At the end of my previous post, I hinted that focusing on a
unified family tree is deeply flawed. The problem is that the unit of
collaboration – the ‘person’ – is a conclusion that has been formed from
available evidence. Some things can never be determined, though, because
there’s simply no surviving evidence. In other cases, the evidence may be scant
and circumstantial which necessarily means those conclusions will become more subjective.
Establishing, then, that my Person-A is the same as your Person-A becomes more
complex. It’s not even a matter of is-it-the-same or is-it-different since some
subset of the person’s details may be substantially different.
A number of people have suggested using a different unit;
one based on evidence rather than conclusions. The growing concept of a Persona
has been the most common unit of these suggestions. Late last year, I imagined
a model that I would dearly love to have used. However, it wasn’t focused on a
family tree and so it did not exist. The more I considered it, the more I
realised how easily this could be implemented, not just by some large content
provider but by a small team of independent developers. As a long-standing
developer, I went as far as writing myself a specification and even prototyping
some code. However, I no longer have enough time to launch a new start-up. I
know through experience that they not only need a good product and talented
people but also the right mix of personalities – they’re hard!
The essence of the concept was of a tool for identifying
people and relationships in a mass of evidence, as opposed to working top-down on
a unified family tree. My own family history research incorporates far more
than a mere tree and I was happy to continue work on that with some limited
isolation. At the time, though, I was looking for a particular person in one of
the census returns of England & Wales. They were pretty elusive and I was
sure they’d changed their name. I was attempting to identify all their family
members, in-laws, neighbours, etc., in order to locate them. It seemed like a
task where collaboration would really have helped.
Let’s briefly stop to examine the essential differences of
this approach. Rather than working with subjective conclusions, it would be
working with something tangible; something whose existence is beyond contention
– an entry on a census page. Irrespective of the identification of the person
in that entry, and even if the name is not readable, the entry can be
referenced unambiguously. That allows collaborators to make the identification
of the person together, and of the relationships to other persons. Imagine
being able to draw a link between two entries on a census page, or between two
entries on side-by-side pages, and attach a relationship type, comments, etc.
Yes, most census returns do have a Role field but even when
it is correct, it is intra-household, and sometimes even more localised as in
the STEMMA®
example at: Census
Roles.

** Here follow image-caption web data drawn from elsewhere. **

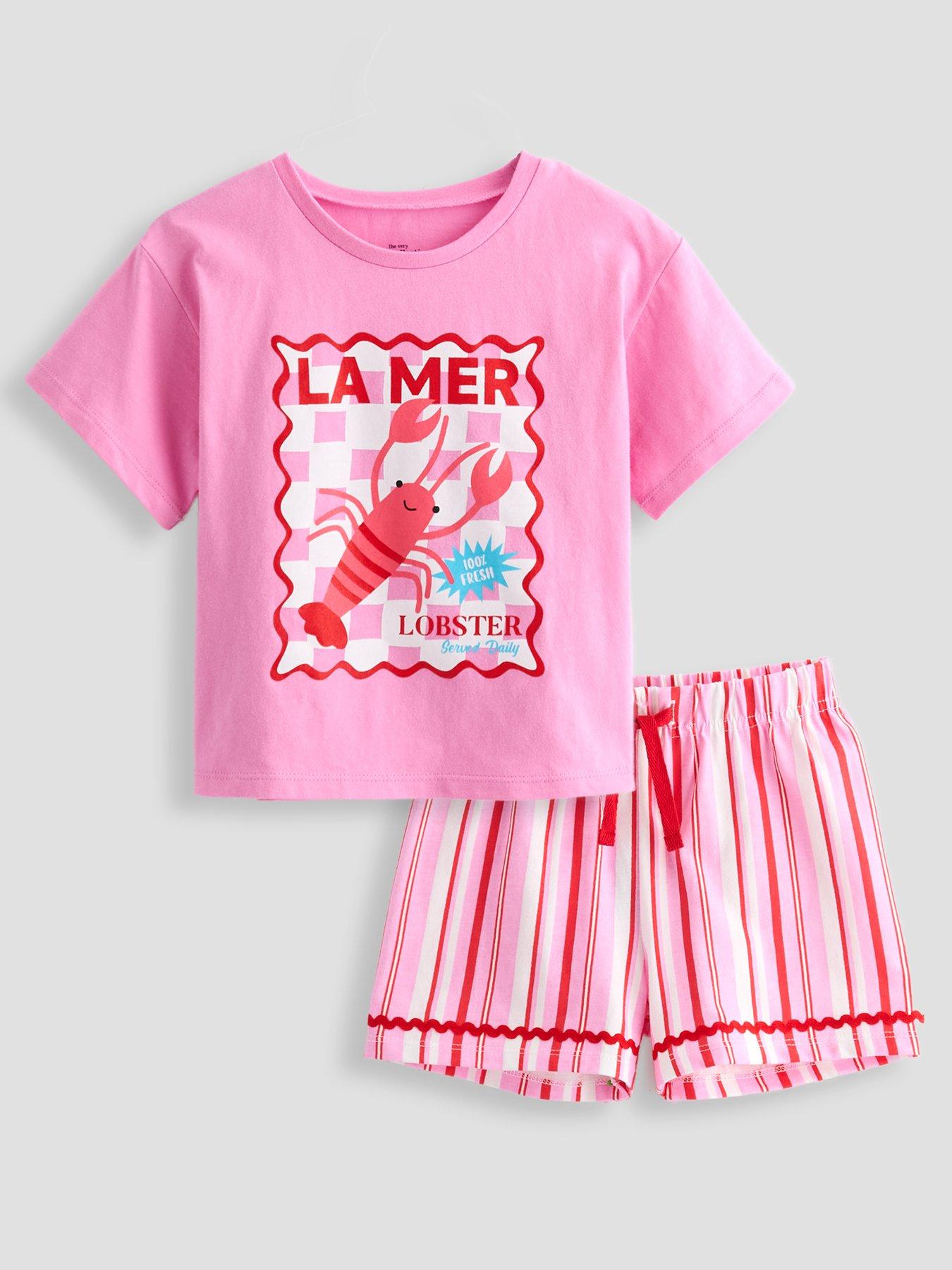 Image 1 of 5 of The Very Collection Stripe Lobster Shortie Pyjamas - Pink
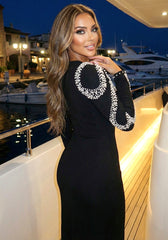 Long Sleeve Pearl Crystal Maxi Dress Black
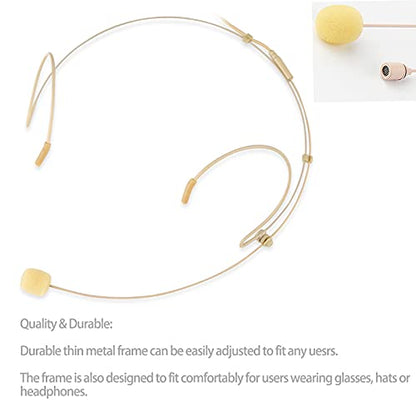 Microphone Headset Discreet Headworn Earset Over Ear Hanging Mic Compatible with Shure Wireless System Bodypack Transmitter, Ideal for Lectures, Live Performance, Theater, Podcasts – Beige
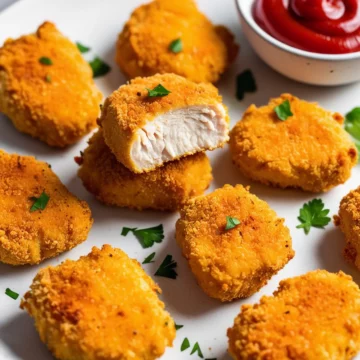 Golden keto nuggets, crisp outside and tender inside, with one sliced to reveal its texture.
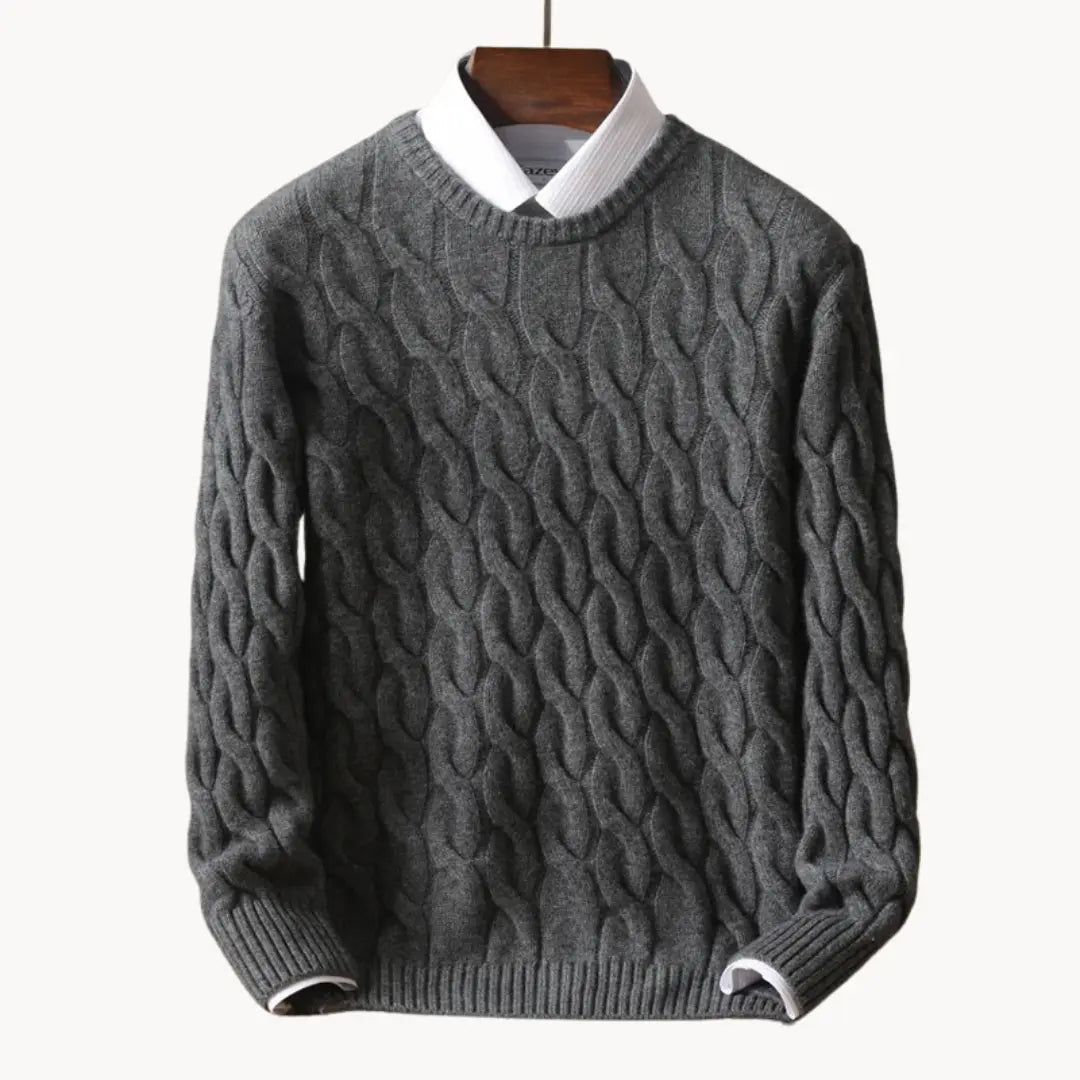 Herrenpullover Klassisch Rundhals Mit Traditionellen Wabennähten 4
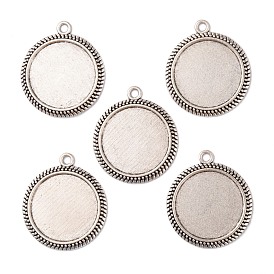 Tibetan Style Alloy Flat Round Pendant Cabochon Settings, Cadmium Free & Lead Free, Tray: 25mm, 37x32x3mm, Hole: 2.5mm about 142pcs/1000g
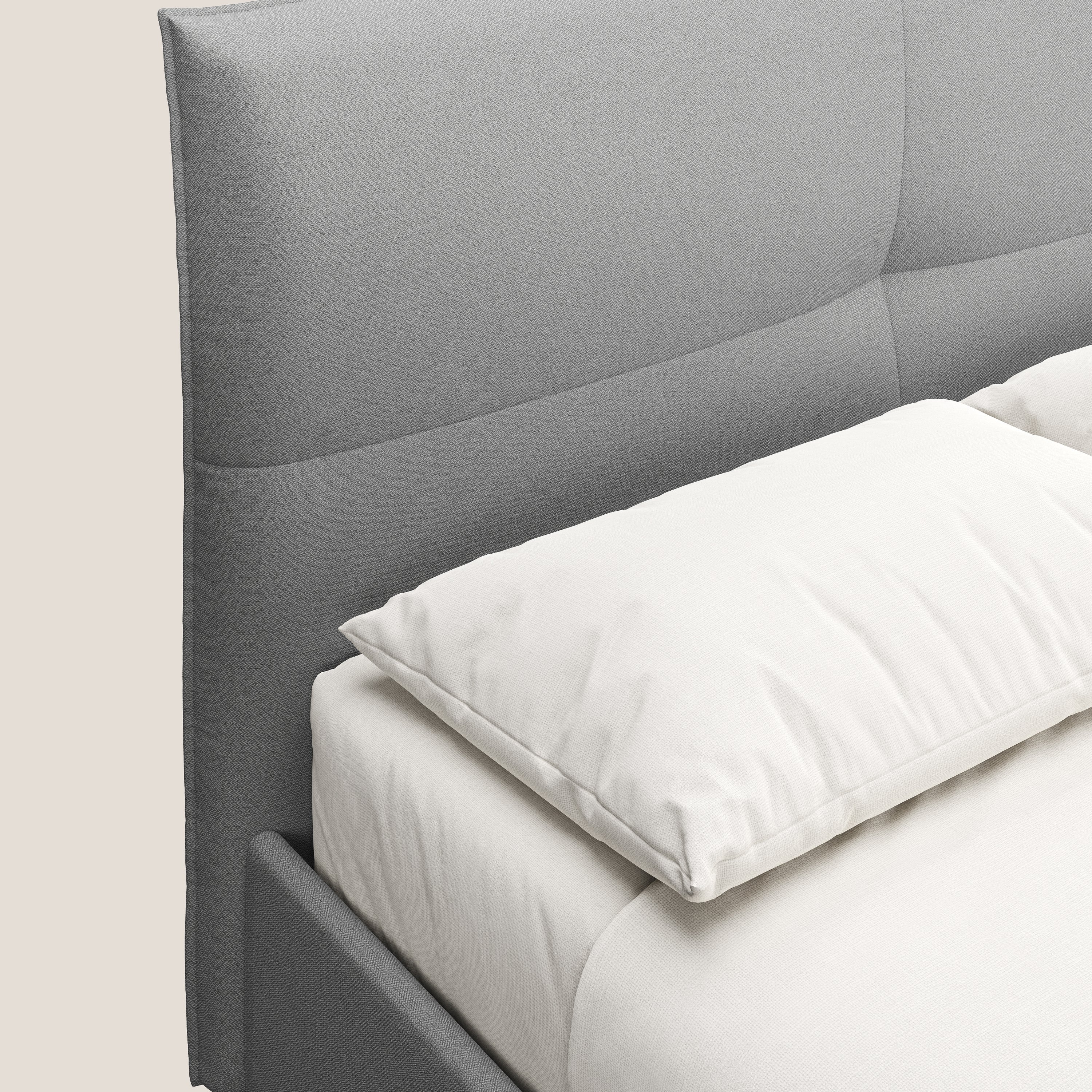 Izumi Lit rembourré avec coffre et pieds hauts en tissu détachable T05 gris - Image 6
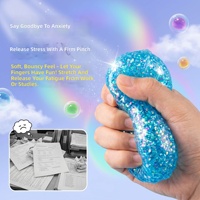 Gadget anti-stress en caoutchouc souple et scintillant, effet aurore, forme cacahuète, à récupération lente, emballé individuellement, pour filles, garçons, unisexe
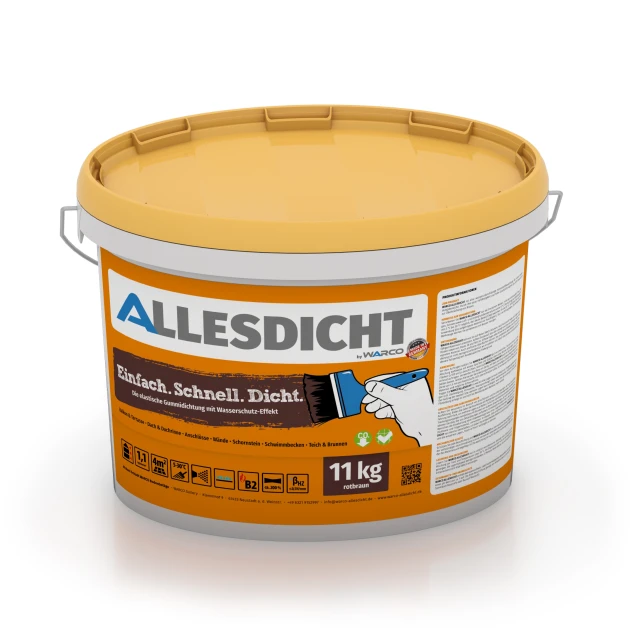 ALLESDICHT – Hydroizolacja von WARCO im Farbdesign Czerwonobrązowy mit den Abmessungen 11 kg | 3,3 m². Produktfoto von Artikel 0029 in der Aufsicht von schräg vorne.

This collaborative model would be extremely useful in identifying
those “strays” (people found in unexpected places on census night), or people
with misspelled or uncertain names, and those people who had deliberately tried
to obfuscate their true identity. This is far more than simply adding an
alternative name, birth year, or place of birth, as currently supported on ancestry.com.
OK, so why did I pick on the census of England & Wales
rather than, say, the civil registrations of vital (BMD) events or parish
registers? The answer was the goal of ring-fencing the specification to keep it
as simple as possible, and as independent of the large data collections as
possible. Each page of this census has a unique identifying code of
class/piece/folio/page. This, plus the ability to reference a particular line
relative to the start of its respective page, gives a convenient way to address
each and every entry. A difficulty in using other sources of evidence – and
ones for vital events in particular – is that they have no standardised
reference codes, and so it would be quite hard to ensure that any given source
doesn’t materialise in multiple independent forms. This would be less of a
problem for a content provider than it would be for an independent team.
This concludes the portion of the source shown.